**EXERCISE**: Under this line are the records; write out word for word the part that begins at the line containing "Spooks sada dečka+naušáky - 8" and ends at the line containing "Kohvioad LAVAZZA Caffe Espresso, 1 kg", and no more.

Brief descriptive captions:
BEGIN

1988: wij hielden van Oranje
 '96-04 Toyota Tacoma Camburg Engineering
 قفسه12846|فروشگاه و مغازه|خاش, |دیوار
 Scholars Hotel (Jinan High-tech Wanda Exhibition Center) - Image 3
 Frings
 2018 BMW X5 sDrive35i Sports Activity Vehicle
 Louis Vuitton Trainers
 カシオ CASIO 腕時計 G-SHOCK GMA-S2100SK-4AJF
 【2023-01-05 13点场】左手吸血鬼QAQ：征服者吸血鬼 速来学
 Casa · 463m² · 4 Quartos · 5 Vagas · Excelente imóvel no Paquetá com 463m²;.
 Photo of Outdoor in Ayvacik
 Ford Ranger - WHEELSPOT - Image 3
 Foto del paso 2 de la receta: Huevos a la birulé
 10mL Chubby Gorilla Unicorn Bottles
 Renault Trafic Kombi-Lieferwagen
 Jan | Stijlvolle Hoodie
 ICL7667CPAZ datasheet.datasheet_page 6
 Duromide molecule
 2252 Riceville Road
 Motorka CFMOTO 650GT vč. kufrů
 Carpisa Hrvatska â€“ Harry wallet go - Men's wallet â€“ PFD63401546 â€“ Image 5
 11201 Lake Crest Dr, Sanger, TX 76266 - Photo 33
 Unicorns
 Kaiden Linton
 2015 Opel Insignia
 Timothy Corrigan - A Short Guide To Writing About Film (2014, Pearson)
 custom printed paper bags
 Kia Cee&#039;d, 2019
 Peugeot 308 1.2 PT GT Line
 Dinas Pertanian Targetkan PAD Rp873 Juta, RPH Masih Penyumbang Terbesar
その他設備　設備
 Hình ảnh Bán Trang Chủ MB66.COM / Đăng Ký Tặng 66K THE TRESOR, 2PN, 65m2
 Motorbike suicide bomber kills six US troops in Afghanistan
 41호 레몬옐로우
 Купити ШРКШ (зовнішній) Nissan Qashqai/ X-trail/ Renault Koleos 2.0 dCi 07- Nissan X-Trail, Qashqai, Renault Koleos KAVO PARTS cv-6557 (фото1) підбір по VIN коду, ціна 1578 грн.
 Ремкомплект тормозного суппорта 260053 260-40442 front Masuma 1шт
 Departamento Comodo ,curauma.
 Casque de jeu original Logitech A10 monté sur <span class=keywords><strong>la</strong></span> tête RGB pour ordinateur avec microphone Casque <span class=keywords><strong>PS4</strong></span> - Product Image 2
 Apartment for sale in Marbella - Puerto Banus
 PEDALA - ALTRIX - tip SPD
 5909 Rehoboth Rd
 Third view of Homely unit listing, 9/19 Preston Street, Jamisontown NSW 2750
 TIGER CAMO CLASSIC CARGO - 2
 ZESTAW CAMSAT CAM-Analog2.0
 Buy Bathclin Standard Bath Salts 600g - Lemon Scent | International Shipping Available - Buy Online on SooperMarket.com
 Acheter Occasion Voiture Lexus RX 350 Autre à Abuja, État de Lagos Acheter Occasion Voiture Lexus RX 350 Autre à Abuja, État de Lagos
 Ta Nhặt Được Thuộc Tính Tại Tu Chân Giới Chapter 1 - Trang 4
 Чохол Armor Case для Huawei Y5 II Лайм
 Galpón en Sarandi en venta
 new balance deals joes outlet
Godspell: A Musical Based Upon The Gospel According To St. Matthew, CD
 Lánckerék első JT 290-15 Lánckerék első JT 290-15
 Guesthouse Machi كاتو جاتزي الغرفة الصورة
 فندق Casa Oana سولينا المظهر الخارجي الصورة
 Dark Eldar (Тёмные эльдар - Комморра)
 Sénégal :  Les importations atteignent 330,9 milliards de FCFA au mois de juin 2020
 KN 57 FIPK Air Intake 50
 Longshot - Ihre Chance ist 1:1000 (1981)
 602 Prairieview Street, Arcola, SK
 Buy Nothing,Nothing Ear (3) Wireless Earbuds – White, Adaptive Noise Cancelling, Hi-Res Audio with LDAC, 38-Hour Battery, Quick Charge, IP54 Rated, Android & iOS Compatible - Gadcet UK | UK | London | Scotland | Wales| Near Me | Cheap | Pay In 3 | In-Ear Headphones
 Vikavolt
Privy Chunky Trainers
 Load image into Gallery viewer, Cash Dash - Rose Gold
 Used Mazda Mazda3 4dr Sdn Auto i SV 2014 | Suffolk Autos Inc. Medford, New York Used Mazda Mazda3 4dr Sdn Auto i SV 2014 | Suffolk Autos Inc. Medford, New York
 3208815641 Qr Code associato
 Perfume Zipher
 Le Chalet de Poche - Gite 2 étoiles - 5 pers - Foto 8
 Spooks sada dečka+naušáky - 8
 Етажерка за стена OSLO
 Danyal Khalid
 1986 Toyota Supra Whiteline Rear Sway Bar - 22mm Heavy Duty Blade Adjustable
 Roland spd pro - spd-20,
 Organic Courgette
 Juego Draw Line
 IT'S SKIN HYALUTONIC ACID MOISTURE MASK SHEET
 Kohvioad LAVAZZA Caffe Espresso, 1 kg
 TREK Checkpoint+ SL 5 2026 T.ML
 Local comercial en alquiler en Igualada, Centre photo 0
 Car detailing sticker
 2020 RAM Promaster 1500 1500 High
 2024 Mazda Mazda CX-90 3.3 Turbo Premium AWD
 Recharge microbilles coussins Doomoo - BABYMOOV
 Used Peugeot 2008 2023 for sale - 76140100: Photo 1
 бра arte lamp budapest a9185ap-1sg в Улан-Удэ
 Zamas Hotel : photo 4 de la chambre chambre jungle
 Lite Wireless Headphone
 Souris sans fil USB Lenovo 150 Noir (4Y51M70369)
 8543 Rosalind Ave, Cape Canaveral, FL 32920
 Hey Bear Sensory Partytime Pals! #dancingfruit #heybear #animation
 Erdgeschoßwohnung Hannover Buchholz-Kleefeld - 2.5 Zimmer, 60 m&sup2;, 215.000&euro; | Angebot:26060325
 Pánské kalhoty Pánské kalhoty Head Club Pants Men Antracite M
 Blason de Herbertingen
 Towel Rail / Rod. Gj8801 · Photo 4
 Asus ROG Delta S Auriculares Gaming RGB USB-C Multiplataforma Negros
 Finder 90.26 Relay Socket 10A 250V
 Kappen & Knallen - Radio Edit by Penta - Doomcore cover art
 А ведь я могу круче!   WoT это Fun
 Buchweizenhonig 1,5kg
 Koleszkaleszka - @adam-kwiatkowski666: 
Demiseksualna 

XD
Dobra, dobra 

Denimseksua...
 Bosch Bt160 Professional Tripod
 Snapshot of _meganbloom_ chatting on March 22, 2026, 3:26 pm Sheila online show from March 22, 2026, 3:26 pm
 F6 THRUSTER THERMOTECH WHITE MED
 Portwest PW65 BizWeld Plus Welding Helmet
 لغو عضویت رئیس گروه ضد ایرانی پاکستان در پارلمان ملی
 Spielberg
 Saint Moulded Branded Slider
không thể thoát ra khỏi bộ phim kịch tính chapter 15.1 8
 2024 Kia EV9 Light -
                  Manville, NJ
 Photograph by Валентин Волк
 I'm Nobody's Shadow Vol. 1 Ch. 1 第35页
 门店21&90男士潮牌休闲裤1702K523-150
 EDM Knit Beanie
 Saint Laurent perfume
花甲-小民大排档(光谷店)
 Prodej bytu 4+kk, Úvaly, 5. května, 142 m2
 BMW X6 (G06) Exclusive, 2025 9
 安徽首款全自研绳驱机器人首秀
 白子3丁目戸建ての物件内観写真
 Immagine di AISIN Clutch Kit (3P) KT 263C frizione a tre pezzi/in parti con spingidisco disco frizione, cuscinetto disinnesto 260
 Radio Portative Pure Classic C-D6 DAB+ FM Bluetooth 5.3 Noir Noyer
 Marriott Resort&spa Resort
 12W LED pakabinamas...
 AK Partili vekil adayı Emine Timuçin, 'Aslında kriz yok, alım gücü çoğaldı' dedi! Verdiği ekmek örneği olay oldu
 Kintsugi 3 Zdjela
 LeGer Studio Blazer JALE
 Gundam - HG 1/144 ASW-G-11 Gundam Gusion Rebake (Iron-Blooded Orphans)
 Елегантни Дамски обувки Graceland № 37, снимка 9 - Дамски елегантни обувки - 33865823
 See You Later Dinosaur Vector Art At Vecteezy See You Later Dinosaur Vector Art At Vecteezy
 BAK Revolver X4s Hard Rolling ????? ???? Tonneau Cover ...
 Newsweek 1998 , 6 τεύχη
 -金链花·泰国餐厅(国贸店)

END

**EXERCISE SOLUTION**:
 Spooks sada dečka+naušáky - 8
 Етажерка за стена OSLO
 Danyal Khalid
 1986 Toyota Supra Whiteline Rear Sway Bar - 22mm Heavy Duty Blade Adjustable
 Roland spd pro - spd-20,
 Organic Courgette
 Juego Draw Line
 IT'S SKIN HYALUTONIC ACID MOISTURE MASK SHEET
 Kohvioad LAVAZZA Caffe Espresso, 1 kg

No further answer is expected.